The British Lion is the sequel to Tony Schumacher’s first novel, an alternate history in which the Nazis actually win World War II, occupy England, and are supported by the United States government.
John Rossett, hero of The Darkest Hour, returns to help his Nazi boss save his daughter, who has been kidnapped by American spies. He must find Ruth Hartz, a Jewish scientist imprisoned by the Germans and forced to work on developing an atom bomb, so she can be swapped for the daughter. Rossett battles not only the Nazi occupiers, but also the British Resistance from the criminal underworld, as well as some rogue American spies led by Allen Dulles, working covertly to defeat Hitler.

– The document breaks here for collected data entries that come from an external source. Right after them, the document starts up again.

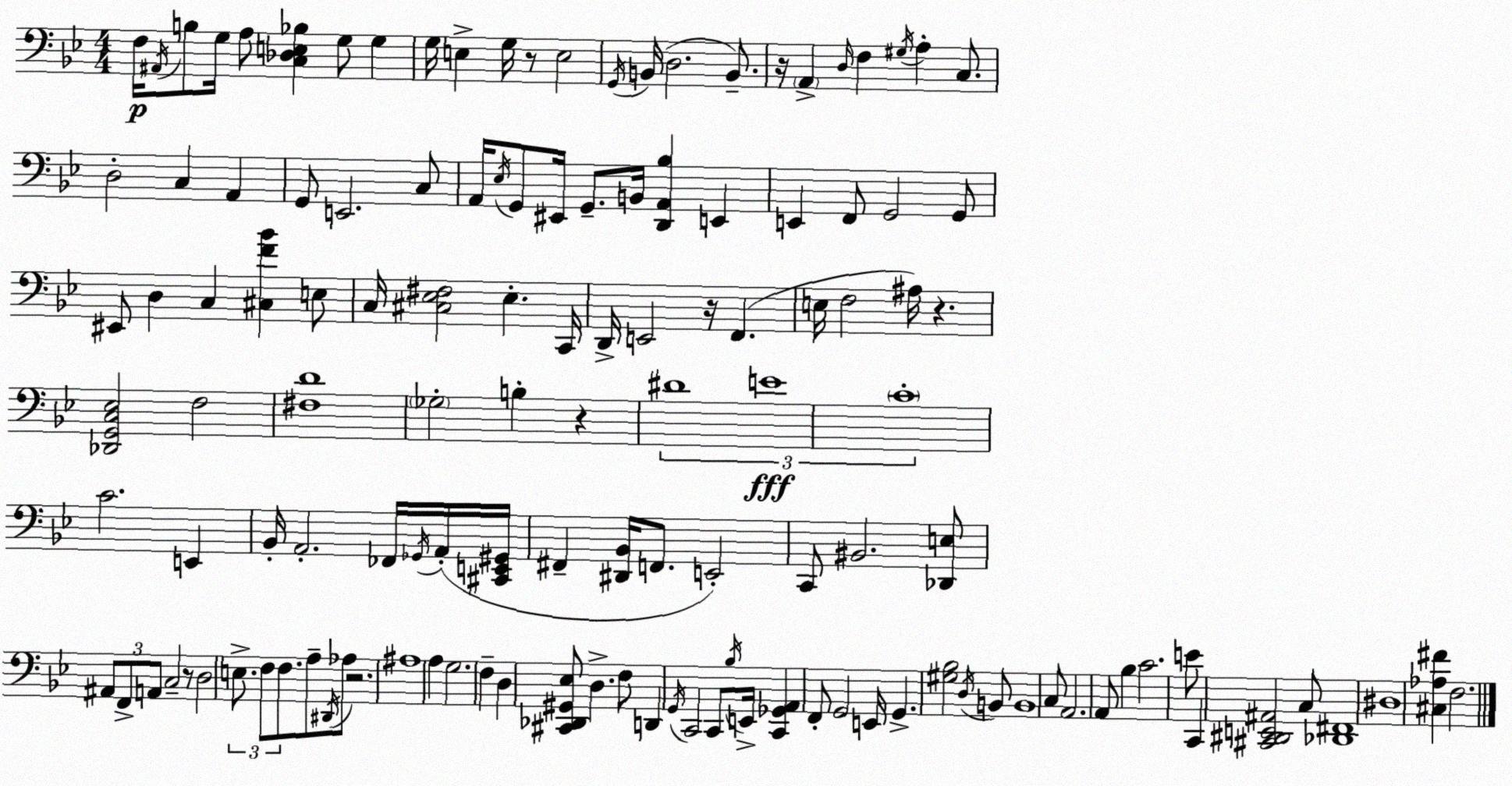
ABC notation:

X:1
T:Untitled
M:4/4
L:1/4
K:Bb
F,/4 ^A,,/4 B,/2 G,/4 A,/2 [C,_D,E,_B,] G,/2 G, G,/4 E, G,/4 z/2 E,2 G,,/4 B,,/4 D,2 B,,/2 z/4 A,, D,/4 F, ^G,/4 A, C,/2 D,2 C, A,, G,,/2 E,,2 C,/2 A,,/4 _E,/4 G,,/2 ^E,,/4 G,,/2 B,,/4 [D,,A,,_B,] E,, E,, F,,/2 G,,2 G,,/2 ^E,,/2 D, C, [^C,F_B] E,/2 C,/4 [^C,_E,^F,]2 _E, C,,/4 D,,/4 E,,2 z/4 F,, E,/4 F,2 ^A,/4 z [_D,,G,,C,_E,]2 F,2 [^F,D]4 _G,2 B, z ^D4 E4 C4 C2 E,, _B,,/4 A,,2 _F,,/4 _G,,/4 A,,/4 [^C,,E,,^G,,]/4 ^F,, [^D,,_B,,]/4 F,,/2 E,,2 C,,/2 ^B,,2 [_D,,E,]/2 ^A,,/2 F,,/2 A,,/2 C,2 z/2 D,2 E,/2 F,/2 F,/2 A,/2 ^D,,/4 _A,/2 z2 ^A,4 A, G,2 F, D, [^C,,_D,,^G,,_E,]/2 D, F,/2 D,, G,,/4 C,,2 C,,/2 _B,/4 E,,/4 [C,,_G,,A,,] F,,/2 G,,2 E,,/4 G,, [^G,_B,]2 D,/4 B,,/2 B,,4 C,/2 A,,2 A,,/2 _B, C2 E/2 C,, [^C,,^D,,E,,^A,,]2 C,/2 [_D,,^F,,]4 ^D,4 [^C,_A,^F] F,2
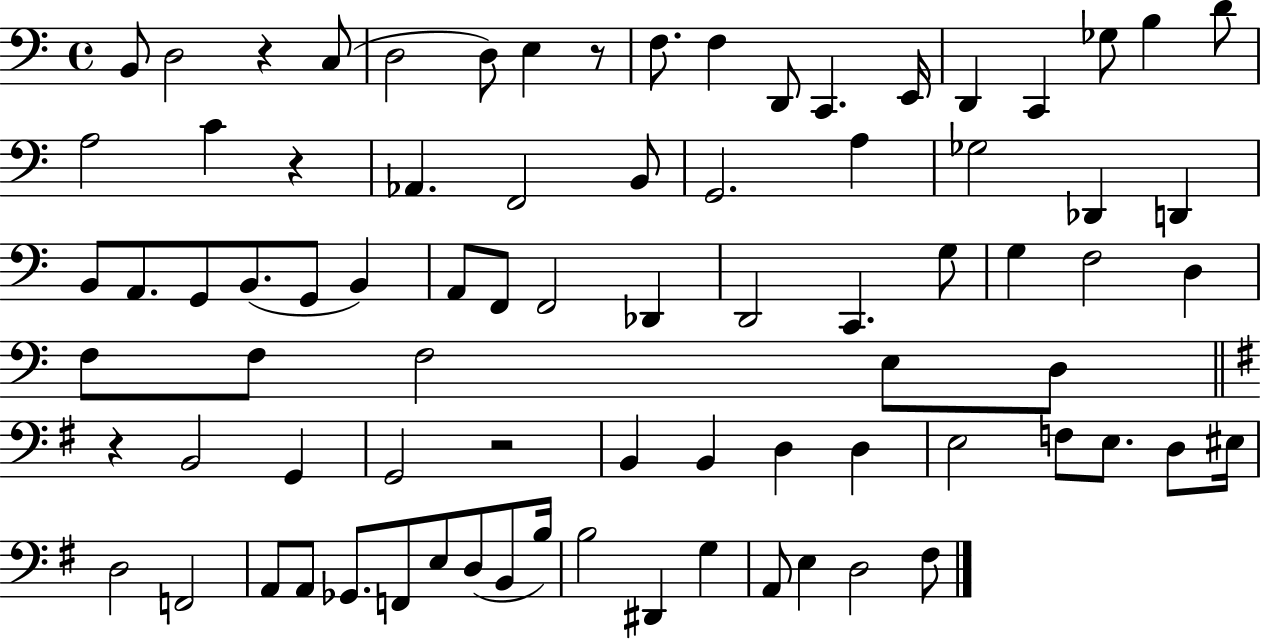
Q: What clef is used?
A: bass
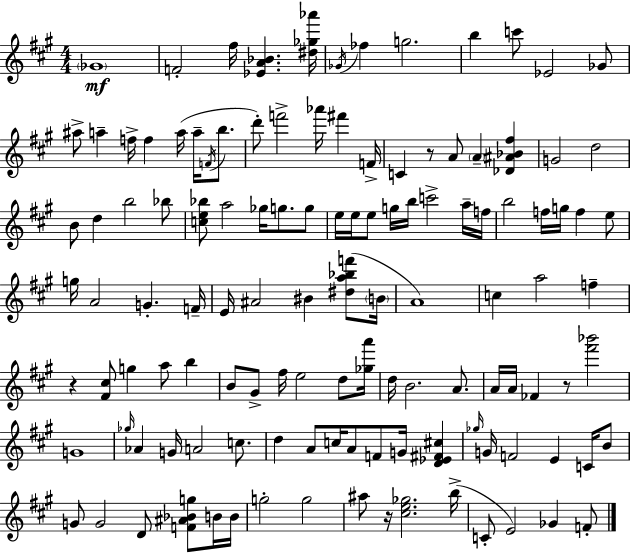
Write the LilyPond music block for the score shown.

{
  \clef treble
  \numericTimeSignature
  \time 4/4
  \key a \major
  \parenthesize ges'1\mf | f'2-. fis''16 <ees' a' bes'>4. <dis'' ges'' aes'''>16 | \acciaccatura { ges'16 } fes''4 g''2. | b''4 c'''8 ees'2 ges'8 | \break ais''8-> a''4-- f''16-> f''4 a''16( a''16-- \acciaccatura { f'16 } b''8. | d'''8-.) f'''2-> aes'''16 fis'''4 | f'16-> c'4 r8 a'8 \parenthesize a'4-- <des' ais' bes' fis''>4 | g'2 d''2 | \break b'8 d''4 b''2 | bes''8 <c'' e'' bes''>8 a''2 ges''16 g''8. | g''8 e''16 e''16 e''8 g''16 b''16 c'''2-> | a''16-- f''16 b''2 f''16 g''16 f''4 | \break e''8 g''16 a'2 g'4.-. | f'16-- e'16 ais'2 bis'4 <dis'' a'' bes'' f'''>8( | \parenthesize b'16 a'1) | c''4 a''2 f''4-- | \break r4 <fis' cis''>8 g''4 a''8 b''4 | b'8 gis'8-> fis''16 e''2 d''8 | <ges'' a'''>16 d''16 b'2. a'8. | a'16 a'16 fes'4 r8 <fis''' bes'''>2 | \break g'1 | \grace { ges''16 } aes'4 g'16 a'2 | c''8. d''4 a'8 c''16 a'8 f'8 g'16 <d' ees' fis' cis''>4 | \grace { ges''16 } g'16 f'2 e'4 | \break c'16 b'8 g'8 g'2 d'8 | <f' ais' bes' g''>8 b'16 b'16 g''2-. g''2 | ais''8 r16 <cis'' e'' ges''>2. | b''16->( c'8-. e'2) ges'4 | \break f'8-. \bar "|."
}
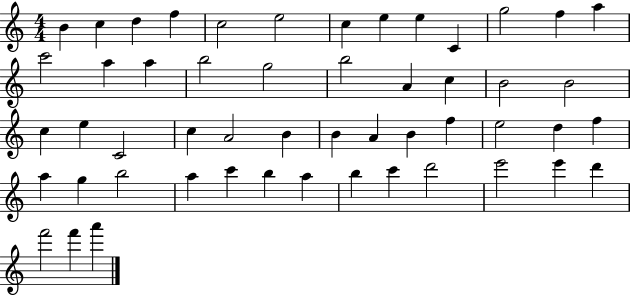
B4/q C5/q D5/q F5/q C5/h E5/h C5/q E5/q E5/q C4/q G5/h F5/q A5/q C6/h A5/q A5/q B5/h G5/h B5/h A4/q C5/q B4/h B4/h C5/q E5/q C4/h C5/q A4/h B4/q B4/q A4/q B4/q F5/q E5/h D5/q F5/q A5/q G5/q B5/h A5/q C6/q B5/q A5/q B5/q C6/q D6/h E6/h E6/q D6/q F6/h F6/q A6/q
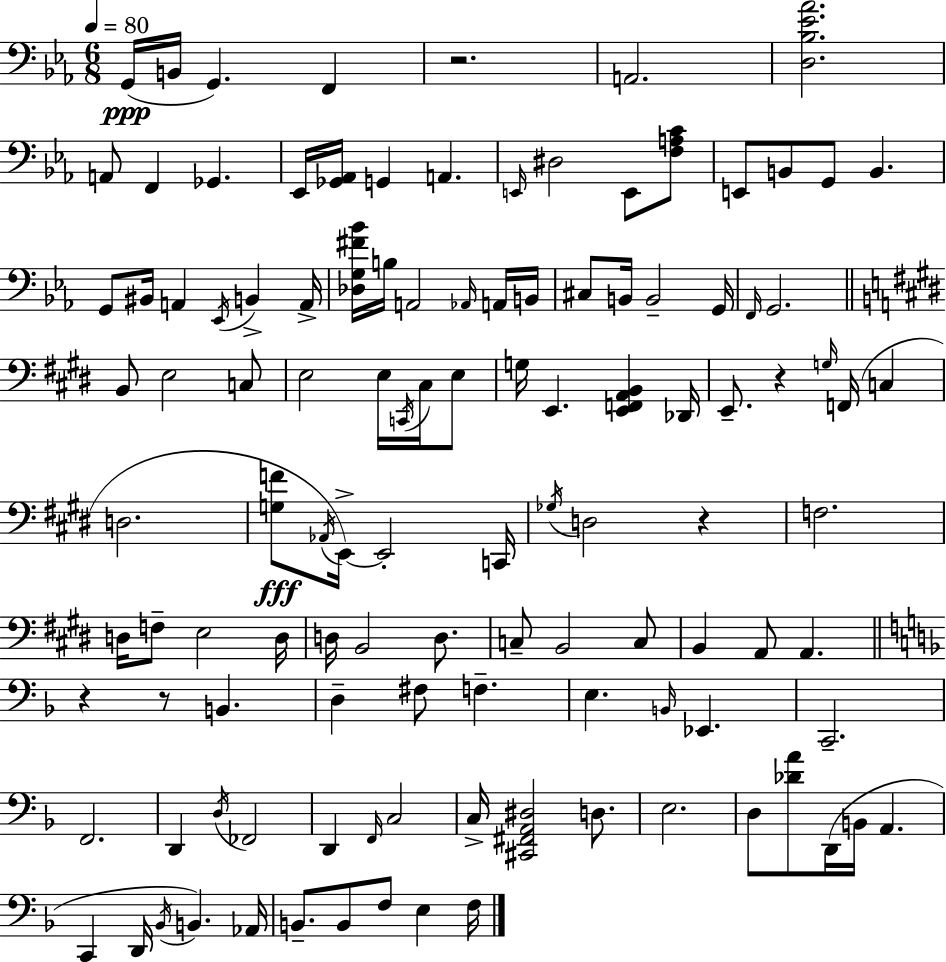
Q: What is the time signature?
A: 6/8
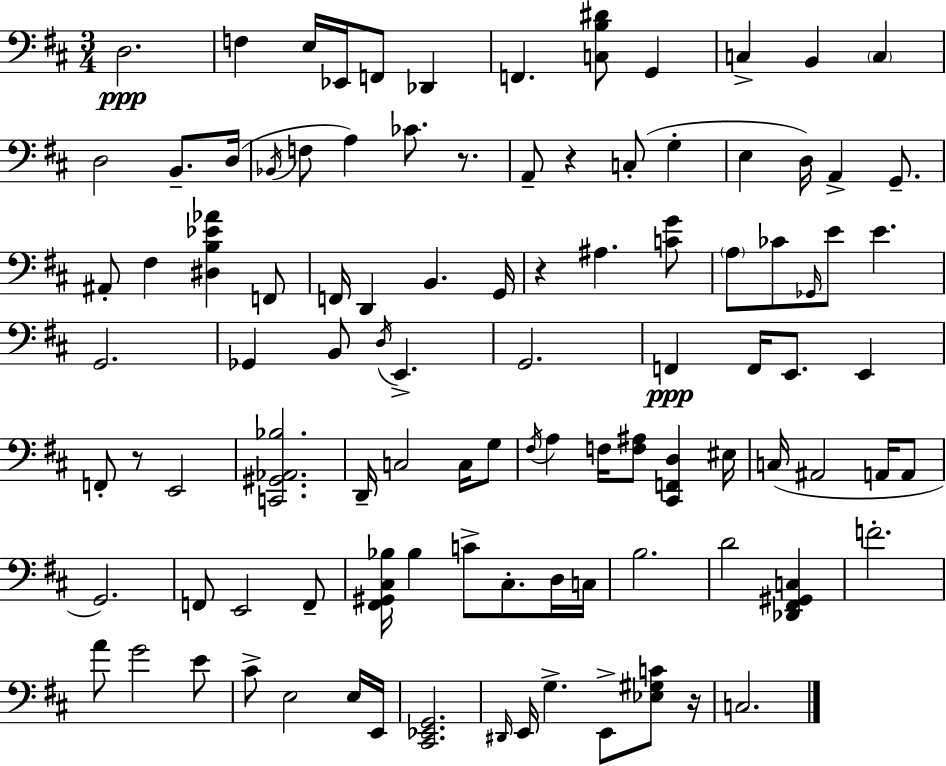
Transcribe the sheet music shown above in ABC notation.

X:1
T:Untitled
M:3/4
L:1/4
K:D
D,2 F, E,/4 _E,,/4 F,,/2 _D,, F,, [C,B,^D]/2 G,, C, B,, C, D,2 B,,/2 D,/4 _B,,/4 F,/2 A, _C/2 z/2 A,,/2 z C,/2 G, E, D,/4 A,, G,,/2 ^A,,/2 ^F, [^D,B,_E_A] F,,/2 F,,/4 D,, B,, G,,/4 z ^A, [CG]/2 A,/2 _C/2 _G,,/4 E/2 E G,,2 _G,, B,,/2 D,/4 E,, G,,2 F,, F,,/4 E,,/2 E,, F,,/2 z/2 E,,2 [C,,^G,,_A,,_B,]2 D,,/4 C,2 C,/4 G,/2 ^F,/4 A, F,/4 [F,^A,]/2 [^C,,F,,D,] ^E,/4 C,/4 ^A,,2 A,,/4 A,,/2 G,,2 F,,/2 E,,2 F,,/2 [^F,,^G,,^C,_B,]/4 _B, C/2 ^C,/2 D,/4 C,/4 B,2 D2 [_D,,^F,,^G,,C,] F2 A/2 G2 E/2 ^C/2 E,2 E,/4 E,,/4 [^C,,_E,,G,,]2 ^D,,/4 E,,/4 G, E,,/2 [_E,^G,C]/2 z/4 C,2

Besides the real-life figure of Dulles, Schumacher also includes Joe Kennedy as ambassador to the United Kingdom and Charles Lindbergh as president of the United States. Both men desire to maintain a good relationship with Hitler as a means of starting an international trade agreement. Where many historical books ignore Kennedy’s and Lindbergh’s anti-Semitism, Schumacher uses it to enhance the plot, exposing the true facts of Lindbergh’s views regarding the Jews — considering them sinister, corrupt, and committed to destroying Christian morality — and Kennedy’s positive perspective on appeasement with Hitler, especially as it related to the economic ties between the two sides.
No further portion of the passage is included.